Sports
Dealz to pay €7,000 over ‘humiliation’ of blind athlete
A paralympic athlete has been awarded €7,000 in compensation for the “humiliation” she suffered in a confrontation with a security guard who tried to tell her that her guide dog was not allowed in a Dealz shop.
Nadine Lattimore, who represented Ireland in track and field at the London Paralympic games in 2012, secured the award at the Workplace Relations Commission on foot of a complaint under the Equal Status Act 2000 against Dealz Limited after the incident at a store in the Ilac Centre, Dublin 1 on 23 August last year.
The retail chain has also been ordered to give staff equality training and put up signs in its storefronts stating that service dogs are welcome.
Ms Lattimore’s evidence was that she had gone into the shop to buy balloons and was going to the cash register with her guide dog to look for assistance when she heard “a commotion” behind her.
She only realised it was about her when she heard a man saying “something along the lines of, ‘excuse me, that dog is not allowed in here’,” Ms Lattimore explained.
Ms Lattimore said she “felt humiliated and embarrassed and somewhat vulnerable”. After the man confirmed when she asked that he was security, she asked for the manager, who was already on the way.
The manager said immediately that her dog, Pilot, was “welcome” in the shop and that it had been a mistake that “should never have happened”, the tribunal was told.
The manager and the security guard both offered apologies, Ms Lattimore told the WRC. She also received an explanation about “the rotation of security guards”, the tribunal noted.
“Outside the initial confrontation with the security guard she did not fault the staff,” wrote adjudicator Penelope McGrath in her decision.
“Her concern, however, was that this situation had arisen at all. As a person with a disability, she feels she should not be put into a position of having to identify her disability or explain it,” the adjudicator wrote – noting Ms Lattimore’s “vivid” evidence about “how difficult having standing her ground was”.
Because of the presence of the guide dog and “all the associated paraphernalia” there could be “no ambiguity” about Ms Lattimore’s disability on the day, Ms McGrath noted.

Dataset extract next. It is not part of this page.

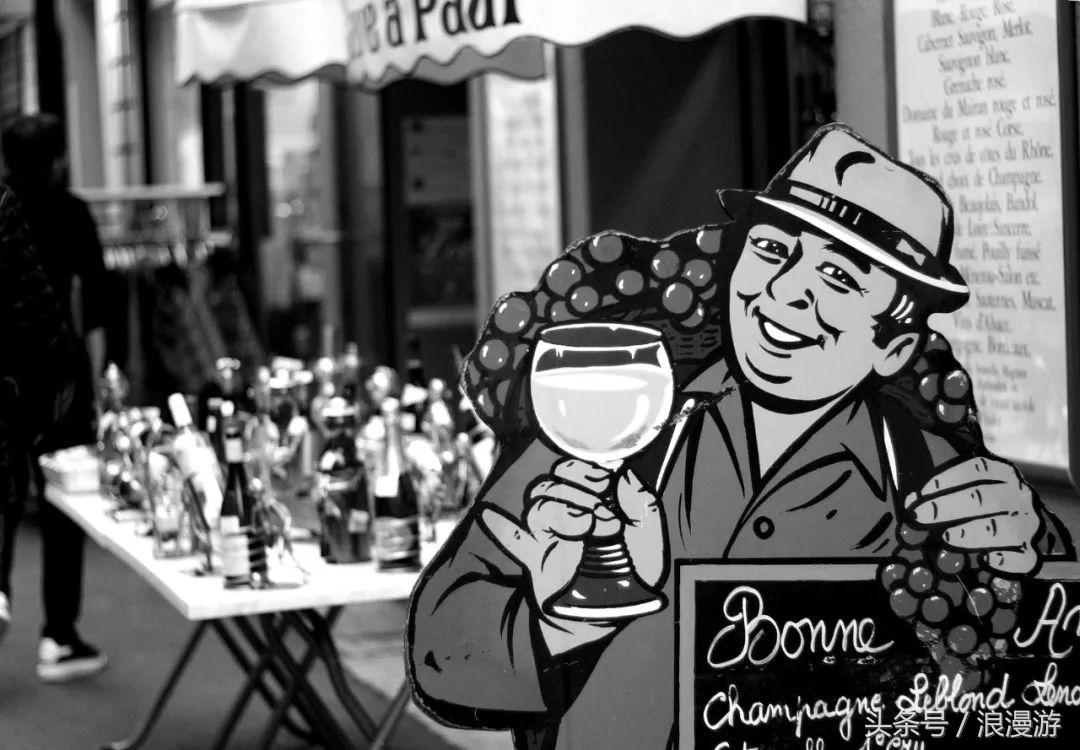 下雪天，在法国依云小镇的户外温泉泡汤，泡的全是依云水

She wrote that it appeared Dealz accepted Ms Lattimore’s account, as it had not brought potential witnesses to the WRC to challenge her testimony, and rejected the company’s argument that she had failed to meet the notification requirements of the Equal Status Act.
“I do appreciate that [the store’s] management swept in to ameliorate the situation as quickly as they could and in her evidence the complainant very fairly acknowledged that fact,” Ms McGrath wrote.

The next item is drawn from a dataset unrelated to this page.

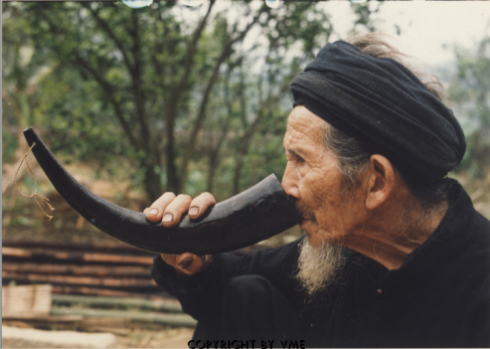 ĐÀN ÔNG LA CHÍ MANG KHĂN ĐỘI ĐẦU DÀI GẦN 3M 
(Hà Giang, 1997)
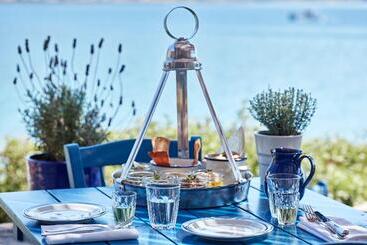 استراحتگاه Phāea Blue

She ordered Dealz Ltd to pay Ms Lattimore €7,000 in compensation. She also gave a direction that the retailer train its staff on the Equal Status Act “on a repeat basis” and put up signs stating: “Guide dogs and assistance dogs welcome.”
This was so that Dealz could “demonstrate its continued commitment and compliance with the Equal Status Act,” she added.
Ms Lattimore was represented by David McCarroll of RDJ LLP in the matter. David Mitchell BL was instructed by Ursula Cullen of Miley and Miley LLP for Dealz.